Получилось так, что всем сыскалась в «Регистрационной палате» работёнка, только не Никифорову.

Отчаявшись, осатанев от безделья, он вознамерился было заполнять библиографические карточки, то есть выполнять работу рядовых регистраторш, самозабвенно строчивших рефераты и обзоры для Дерека, но выяснилось, что и в этом нет необходимости. Карточки печатал переданный Дереком конторе компьютер, притаившийся в укромном тёмном уголке за шкафами. Единственное, что оставалось регистраторшам, раскладывать карточки по выдвижным деревянным ящичкам, да рассылать по учреждениям и библиотекам в конвертах, адреса на которых печатал опять же компьютер.

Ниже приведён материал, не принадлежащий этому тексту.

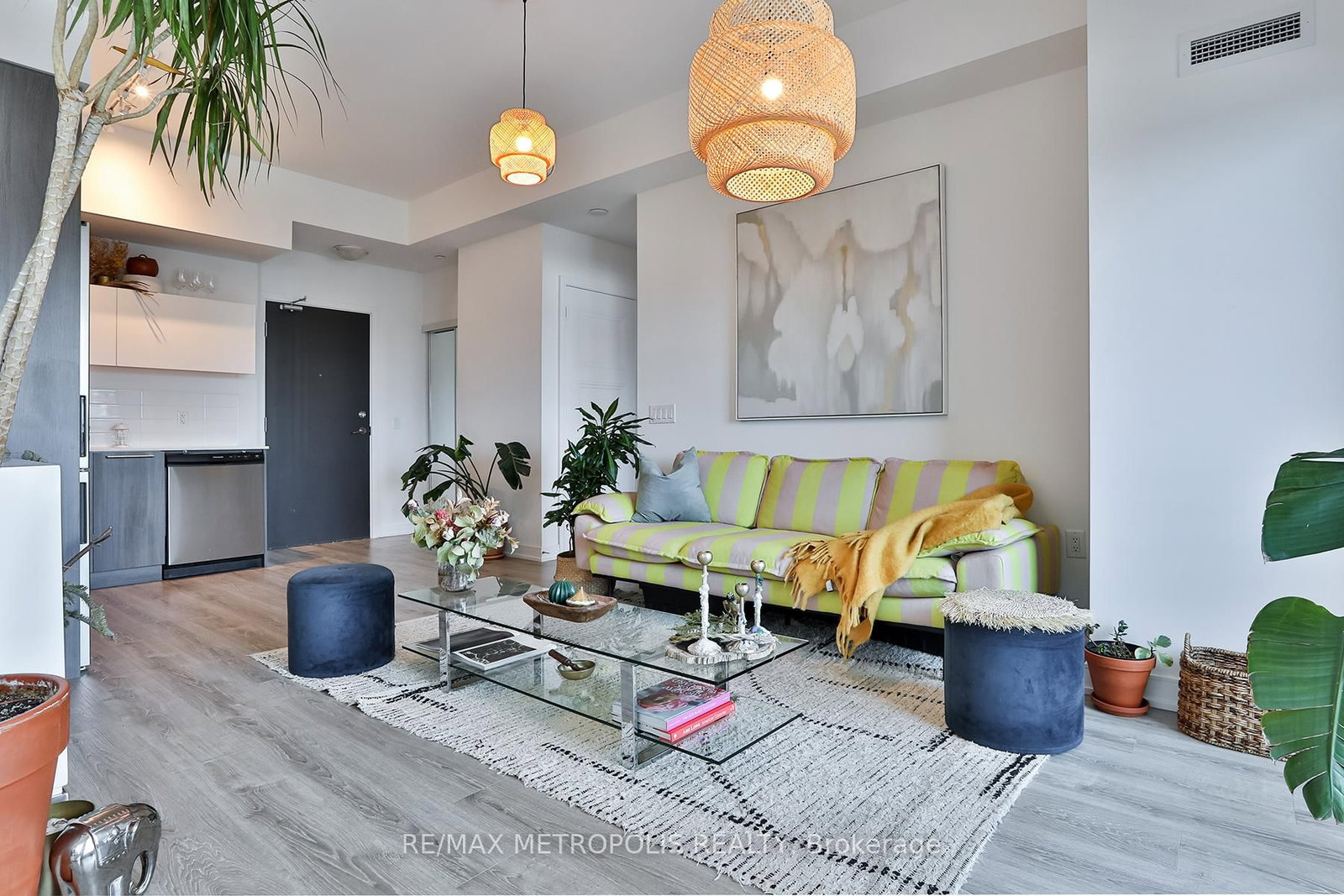 25 Neighbourhood Lane • #703 • Toronto, ON photo 4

Раз, впрочем, произошёл конфуз.

Вдруг с утра пораньше ворвалась комиссия из министерства. Джига грудью встал на входе. Никифоров тем временем по частям рассовывал компьютер по шкафам и кладовкам. В разгар метаний зачем-то спустился вниз Дерек, да так и замер с разинутым ртом на лестнице, интригуя несоветским своим видом комиссию. Девицы едва успели набросить кофты на голые плечи, приступить к ручному заполнению карточек. Комиссия поползла по ящичкам. «Да тут… у нас… проводится эксперимент по автоматизации процессов… Испытываем изготовленные по конверсии отечественные печатающие устройства», — стал оправдываться за безукоризненные компьютерные карточки Джига. Одна из девиц шёпотом предложила откупиться от комиссии презервативами и колготками. «Пошла вон, дура! — прошипел Джига. — Тогда начнут каждую неделю проверять…»

После ухода комиссии Джига принял дополнительные меры предосторожности. На время рабочего дня входная дверь теперь стала запираться. Компьютер упрятали в совсем секретную комнатку за гардеробом. Каждую пятидесятую карточку Джига велел переписывать от руки, чтобы оставались следы хоть какой работы.

И только Никифорову по-прежнему нечем было себя занять.

Его безделью пришёл конец с получением чёрной «Волги».

…Никифоров взглянул на отчасти уже слившиеся с сумерками, сделавшиеся почти невидимыми часы между книжными шкафами. От них остались самостоятельно плавающие в воздухе витиеватые стрелки да тусклый бронзовый круг циферблата. Причём стрелки определённо надвигались на Никифорова, в то время как круг отступал во тьму, очертания его терялись. А во тьме, внутри забранного в деревянный футляр пространства, тяжело ходил сквозь воздух маятник, подтверждая движение мерными щелчками.

Никифоров подумал, что у Дерека в его электронном капище, где едва ли не каждый экран препарировал время с точностью до тысячных долей секунды, другое ощущение времени.